Frigerio and politics
editReturning to Buenos Aires in 1963, Frigerio was reunited with Arturo Frondizi, now free. Believing that their past economic accomplishments had made a return to politics possible, the two friends founded the Integration and Development Movement (MID). MID was barred from the 1963 elections due to military opposition and serious differences over strategy resulted in an open enmity between UCRI candidate Oscar Alende (the progressive former governor of the Province of Buenos Aires and Frondizi ally) and the MID, which opted to encourage its supporters to cast blank ballots.[7] But many of Frigerio's policies were reinstated by the newly elected President Arturo Illia. Policy differences over Frondizi-era oil contracts, which Illia rescinded, led the MID to actively oppose him, however. Many of their policies endured following the 1966 coup, particularly during the 1970-71 tenure of Economy Minister Aldo Ferrer. Frigerio became a significant shareholder in Argentina's largest news daily Clarín following a 1971 deal made with the news daily's owner, Ernestina Herrera de Noble, whose late husband, Clarín founder Roberto Noble, had supported Frondizi. Perón's return from exile imminent, the MID opted to endorse the aging leader for the 1973 elections, believing Perón would give them a meaningful say in the nation's economic policy.[8]

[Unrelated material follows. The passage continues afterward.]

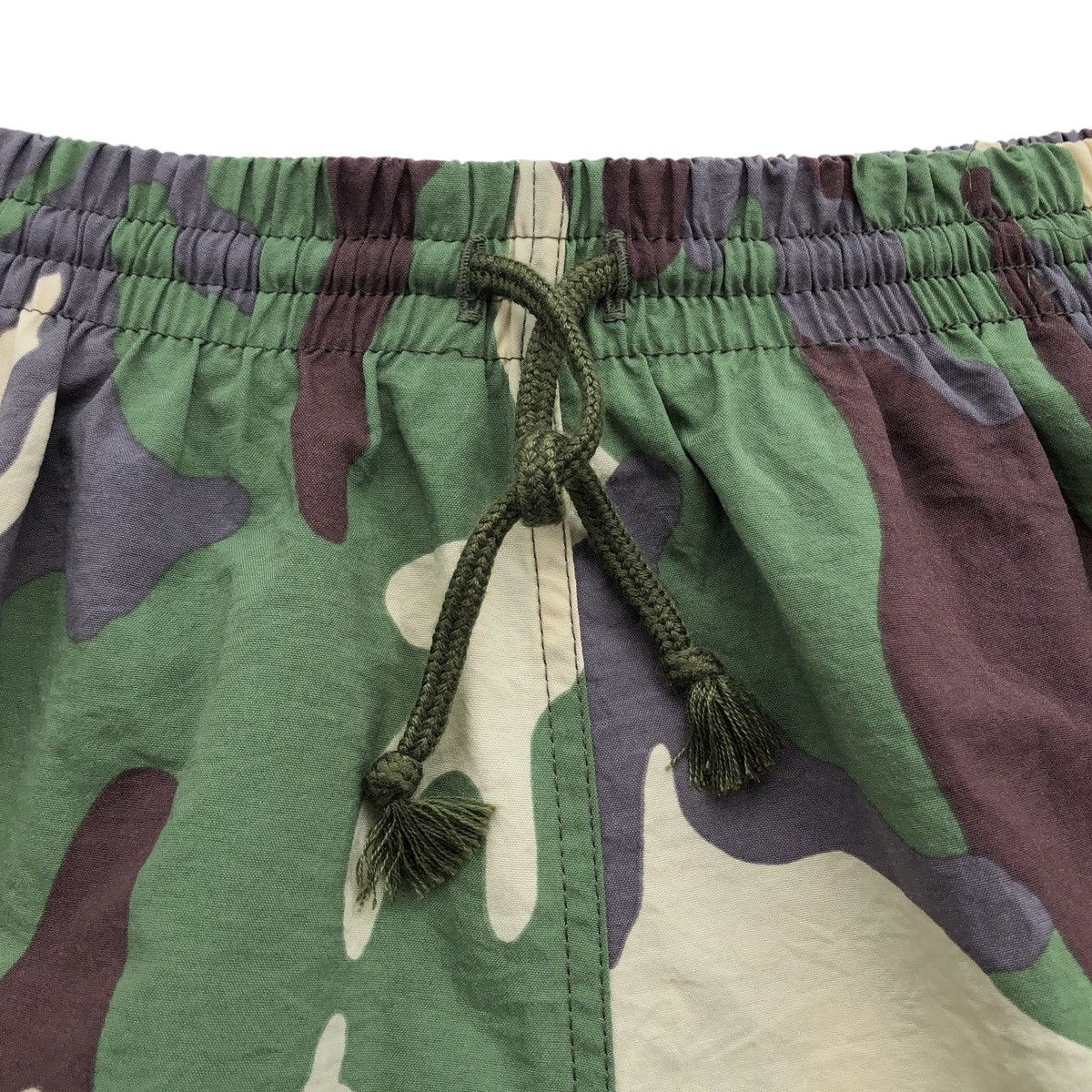Moschino MOSCHINO Cheap And Chic Camo Swimming Short Pants Size US 34 / EU 50 - 2 Thumbnail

Given little say by the new Peronist government, which, instead saw its policy shift from populism to erratic crisis management measures, Frigerio initially supported the 1976 coup against Perón's successor (his hapless widow, Isabel Perón); what ensued, however, was unlike the last military regime in that this dictatorship adopted policies largely anathema to Frigerio's. Freezing wages for prolonged stretches, deregulating financial markets and encouraging a flood of foreign debt and of imports, these policies all helped undo much of what Frondizi and Frigerio had accomplished twenty years earlier. Though Frigerio and his supporters were not targeted in the way left-wing dissidents were, the MID's opposition to the regime's chief economist, José Alfredo Martínez de Hoz and his policies earned a number of party officials death threats and forced exile.[2]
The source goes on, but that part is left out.